これまで月次決算早期化を会計以外の業務にもフォーカスを当てながら、全社プロジェクトとしてどのように進めていくかについて書いてきました。会計ソフトという箱に流し込むデータをどう集め、どう整形していくのかという観点で、本シリーズではCRMをフル活用し、時にはデータベースをカスタマイズしていくことを前提としています。会計にしても、人事・労務にしても、自社のビジネスをしっかりと理解し、そのデータの流れを掌握しているかどうかは非常に重要であり、これからのバックオフィスにはそういう人材が必要不可欠であると私は考えています。

世の中にはExcelという非常にすぐれたデータ加工ツールがありますが、何でもできるがゆえに、データを蓄積しておく箱(データベース)として活用するのには向いていません。
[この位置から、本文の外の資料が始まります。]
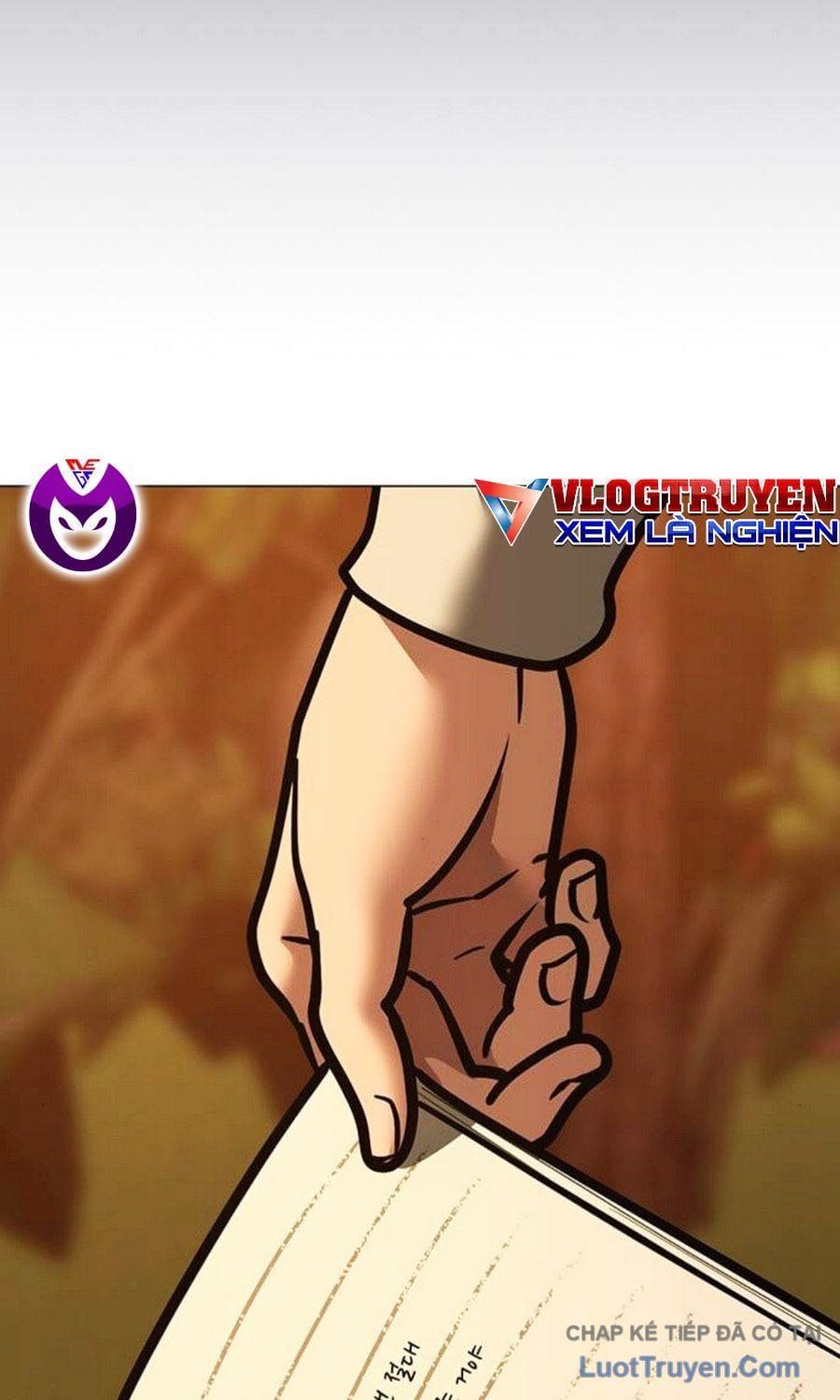 Nhiệm Vụ Đời Thật Chap 194 - Next Chap 195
データ同士を関連させ多層的な構造を作ることも苦手ですし、エラーチェックや特定条件における自動処理も得意ではありません。よって、弊社では一貫して「Excelはデータを一時的に加工するものであり、データを蓄積するものとしては使わないでください」とお客様にご案内しております。

今回はその他の会計処理として、IT企業を中心に月次決算早期化の中で、難易度が高めの「ソフトウェア」と「前受金の管理」について見ていきます。扱うデータが広範になるため、ここでは月次決算時の一時処理としてここではあえてExcelを使っています。毎月1回だけの計算であり、その後の償却額の計算などは専門ソフトで行うことができるためです。まずはソフトウェアの管理について見ていきましょう。

ソフトウェア会計の基礎

ソフトウェアの管理を見ていく前に、会計基準や税務上でソフトウェアがどのような扱いになっているかを確認しておきましょう。ここをきちんと理解しておかないと「ソフトウェア」をどう管理するべきなのかが曖昧になってしまいますので、少し小難しい内容になりますが、お付き合いください。

ソフトウェアは無形固定資産の1つです。産業の中心が製造業からITに移っていく中で、会計上の重要性も高まっています。「研究開発費等に係る会計基準」においてソフトウェアは、その制作目的に応じて、自社利用目的のソフトウェアか販売目的のソフトウェアに分類されます。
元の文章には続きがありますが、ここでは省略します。